● Activity
The lines from the one containing "Giày Crocs cho bé" through the last line below, both ends included, must be reproduced exactly, with no pictures.

● Supplied data
_ _ _ _ _
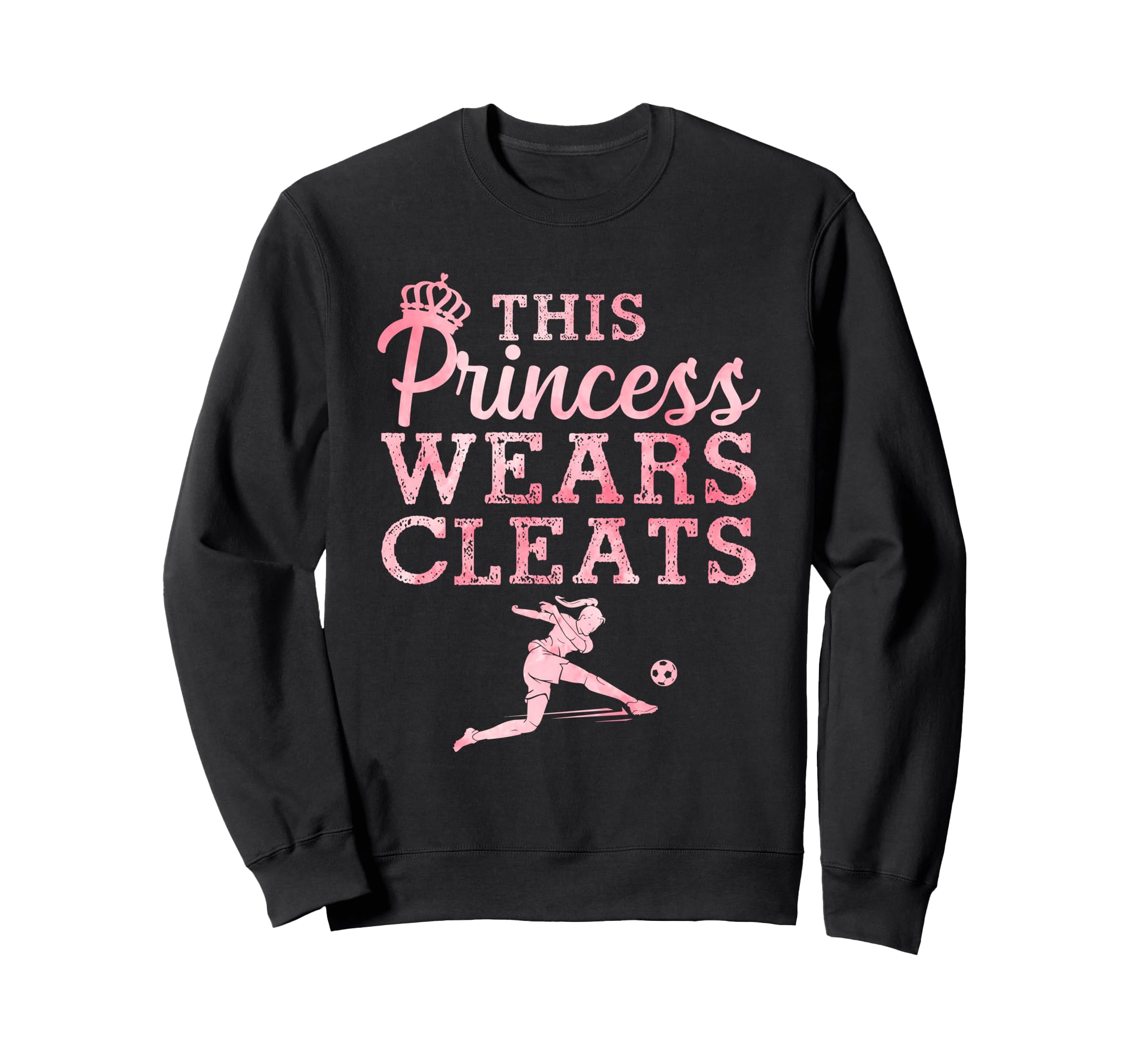 Soccer Art Teen Goalie Soccer Sweatshirt - Fun Novelty Design for Adults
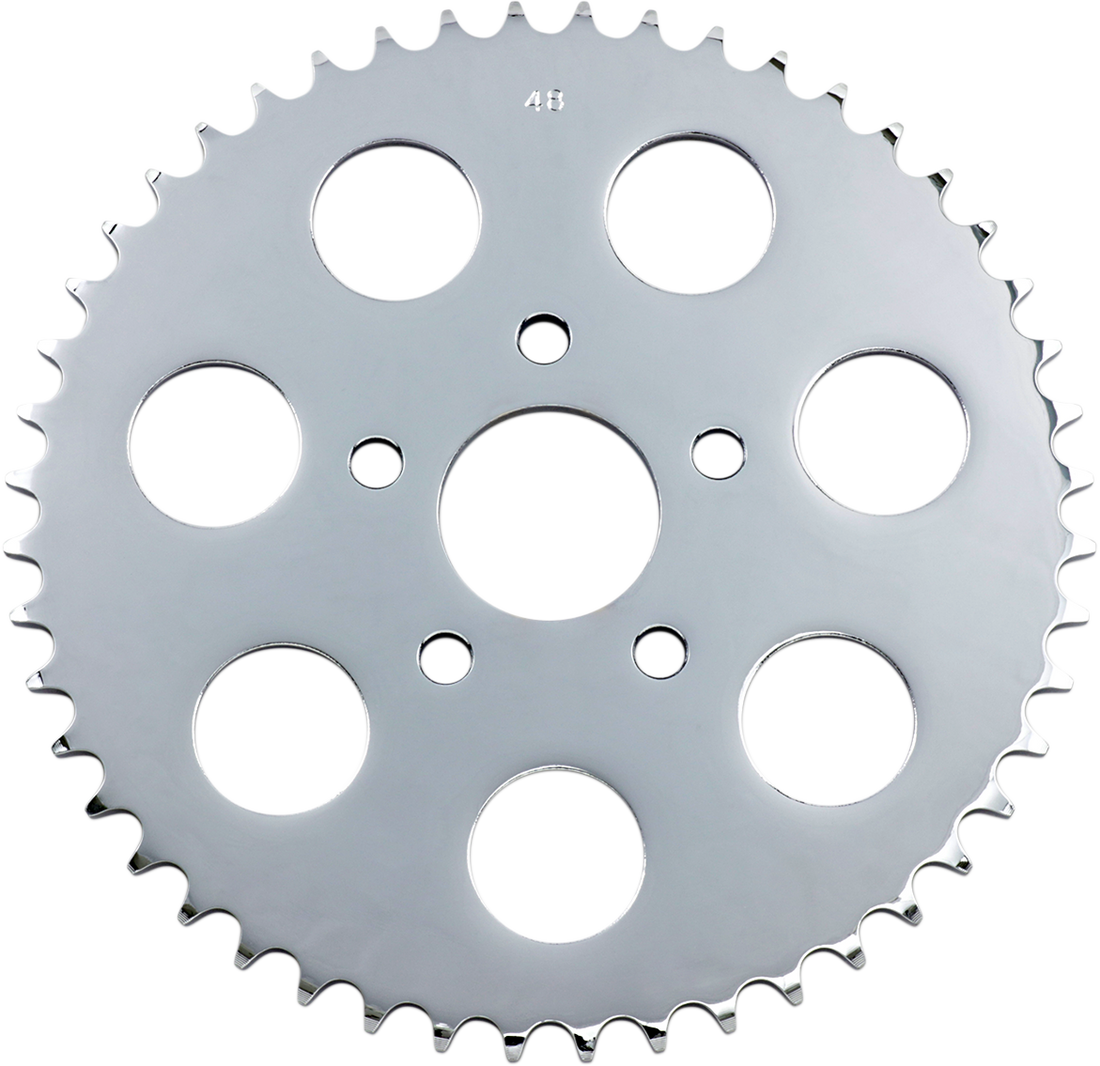 DS-325354 - DRAG SPECIALTIES Rear Wheel Sprocket - 48-Tooth - Chrome 19366-BX20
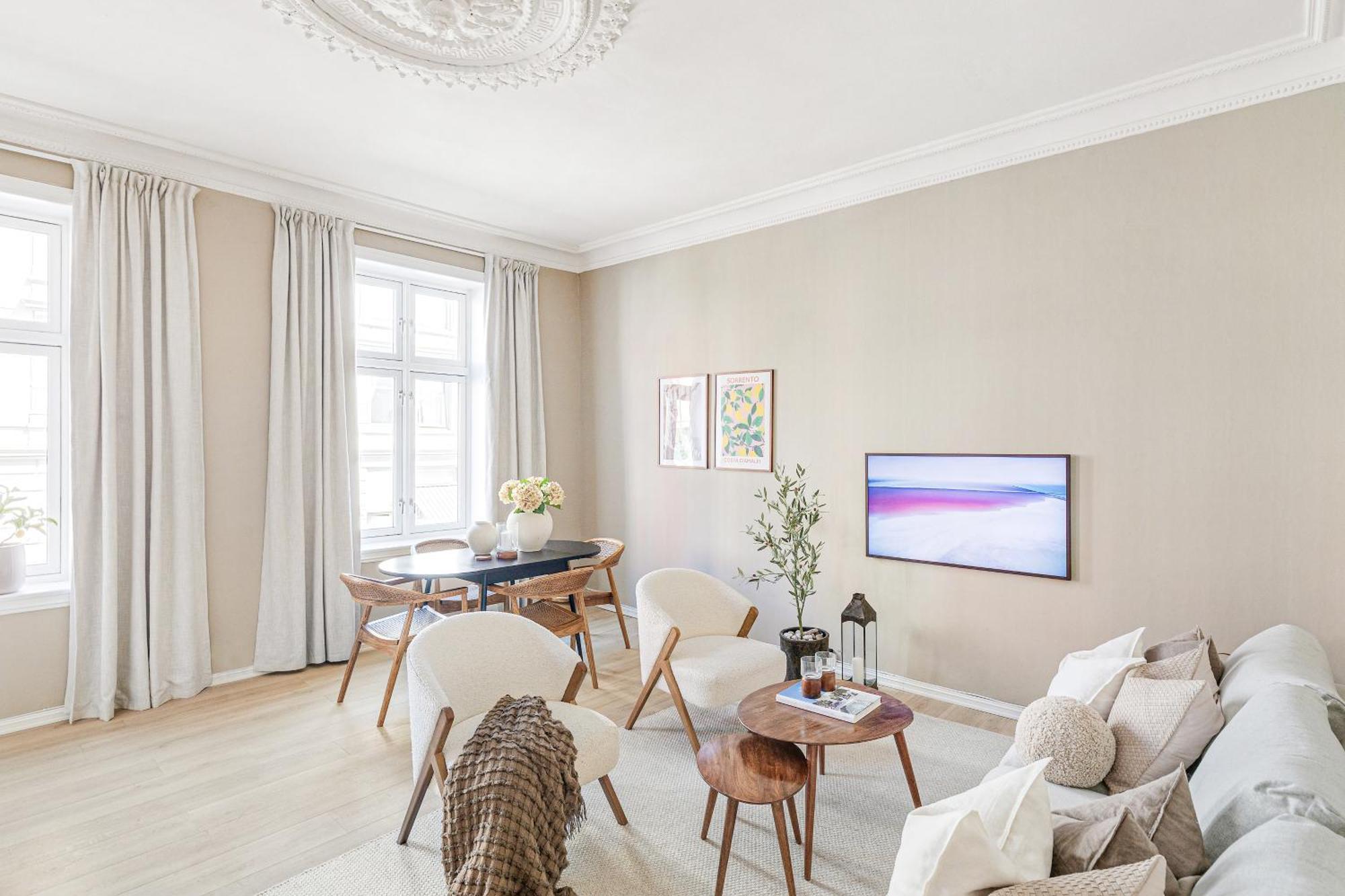 Beautiful Apartment In The Heart Of Oslo! Dış mekan fotoğraf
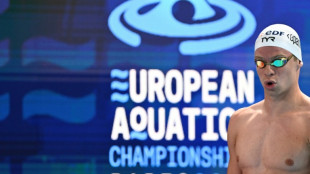 Golden relay double for Britain at Europeans as Marchand takes silver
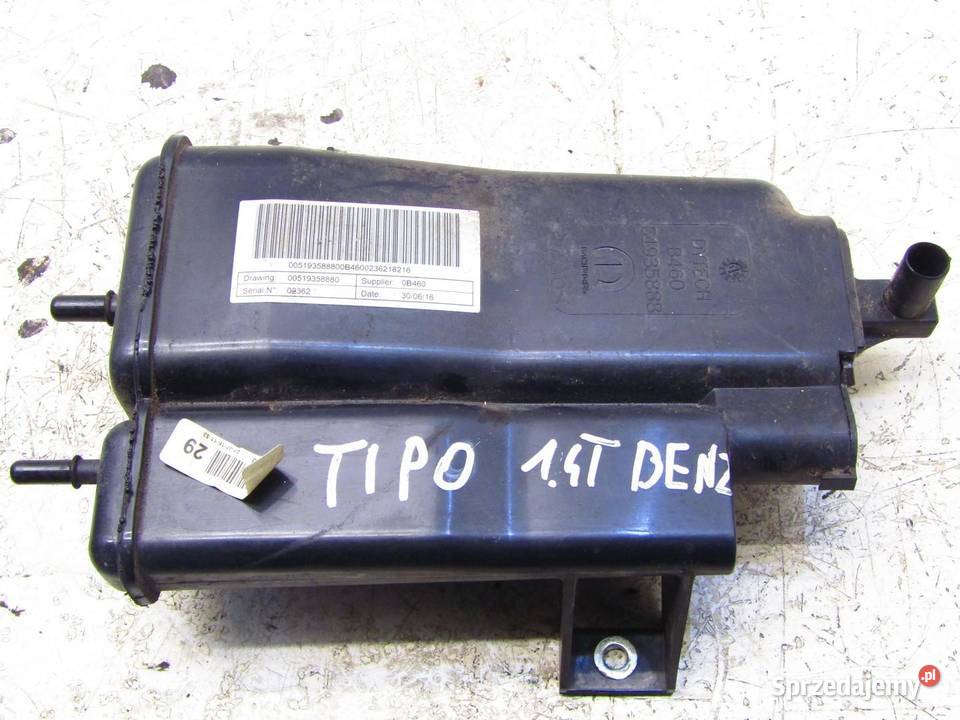 FILTR WĘGLOWY 14 TJet FIAT TIPO II HB 51935888 Części samochodowe sprzedam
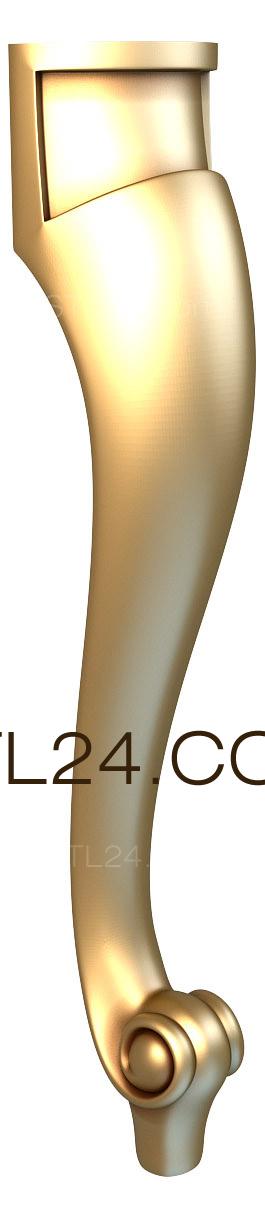 Ножки (NJ_0376) 3D модель для ЧПУ станка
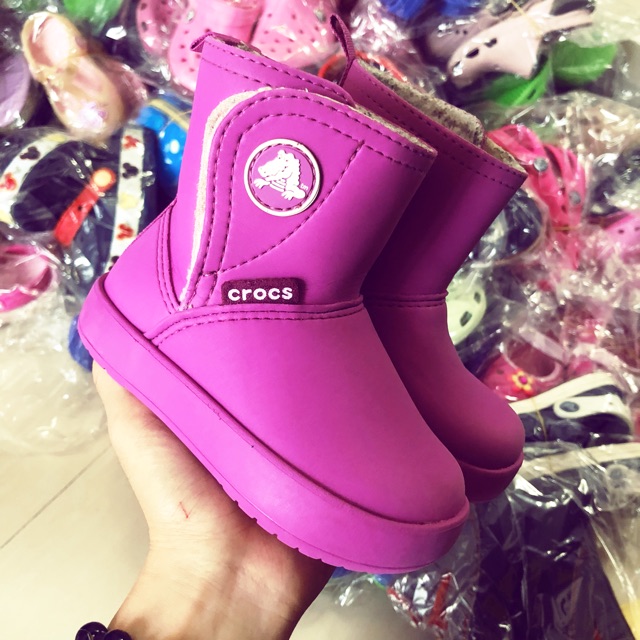 Giày Crocs cho bé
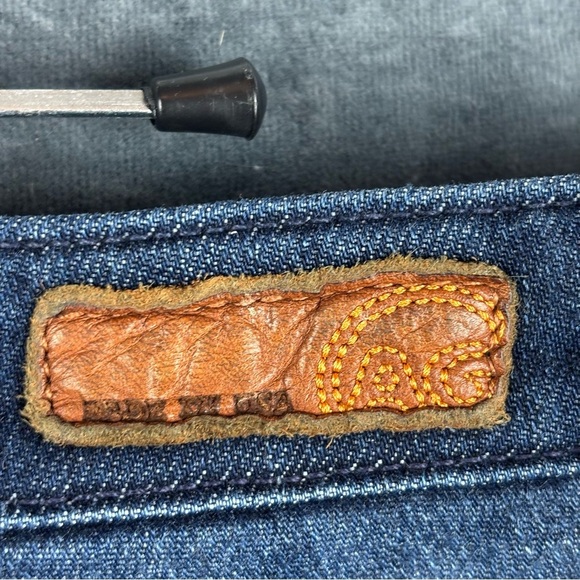 Ag Adriano Goldschmied Women's Mid-rise Colette Slim Boot Cut Jeans Sz 32 (14) - Picture 6 of 13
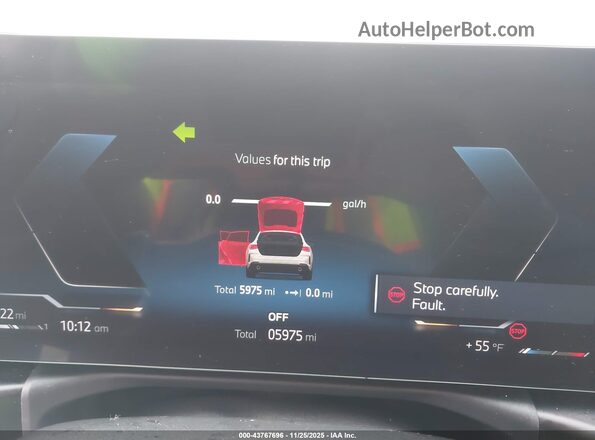 WBA33FB0XSFT78201 2025 BMW 4 SERIES Black Հետևի նստատեղերի տեսք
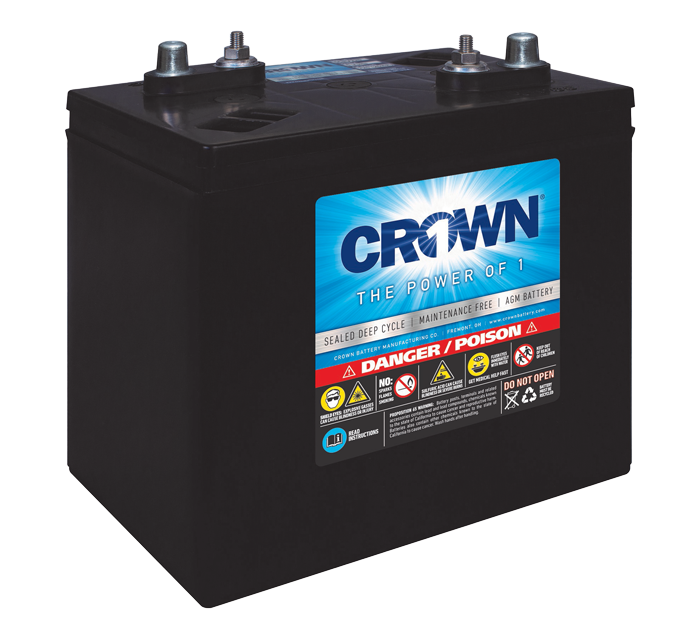 Crown1-Sealed-Deep-Cycle-Battery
_ _ _ _ _
● Output for this task
 Giày Crocs cho bé
 Ag Adriano Goldschmied Women's Mid-rise Colette Slim Boot Cut Jeans Sz 32 (14) - Picture 6 of 13
 WBA33FB0XSFT78201 2025 BMW 4 SERIES Black Հետևի նստատեղերի տեսք
 Crown1-Sealed-Deep-Cycle-Battery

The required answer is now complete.